Re: [PATCH] sched/fair: make CFS bandwidth slice per cpu group

From: Cong Wang
Date: Mon Apr 30 2018 - 16:37:42 EST


On Mon, Apr 30, 2018 at 12:42 PM, Peter Zijlstra <peterz@xxxxxxxxxxxxx> wrote:
> On Mon, Apr 30, 2018 at 12:29:25PM -0700, Cong Wang wrote:
>> Currently, the sched_cfs_bandwidth_slice_us is a global setting which
>> affects all cgroups. Different groups may want different values based
>> on their own workload, one size doesn't fit all. The global pool filled
>> periodically is per cgroup too, they should have the right to distribute
>> their own quota to each local CPU with their own frequency.
>
> Why.. what happens? This doesn't really tell us anything.
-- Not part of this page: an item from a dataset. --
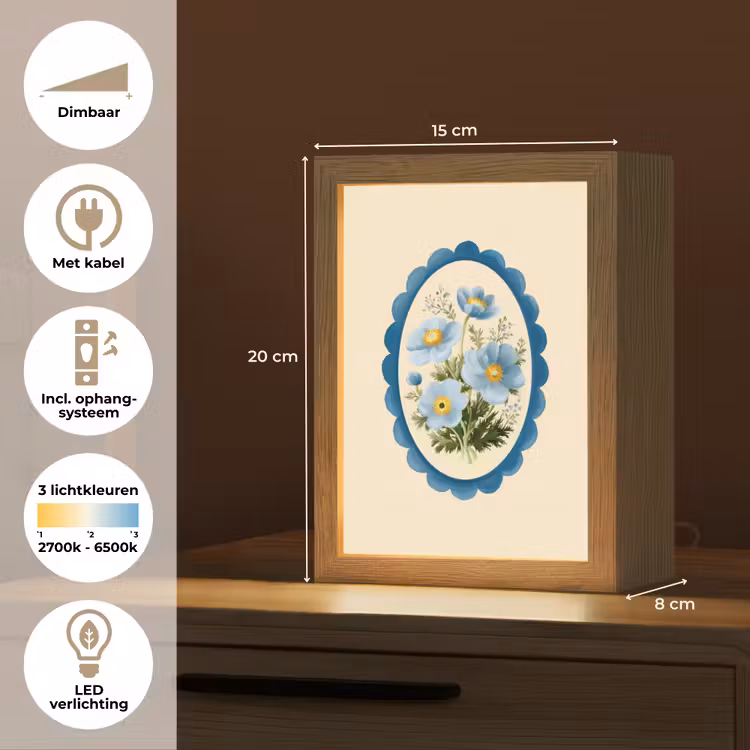 Lijst - Bloemen - Lichtblauw - Illustratie Light Box met kabel (Tafellamp) klein -USP_NL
We saw tasks in a container got throttled for many times even
when they don't apparently over-burn the CPU's. I tried to reduce
the sched_cfs_bandwidth_slice_us from the default 5ms to 1ms,
it solved the problem as no tasks got throttled after this change.
This is why I want to change it.

And I don't think 1ms will be good for all containers, so in order to
minimize the impact, I would like to keep the slice change within
each container. This is why I propose this patch rather just
`sysctl -w`. Do you think otherwise?

BTW, people reported a similar (if not same) issue here before:
https://gist.github.com/bobrik/2030ff040fad360327a5fab7a09c4ff1

Thanks!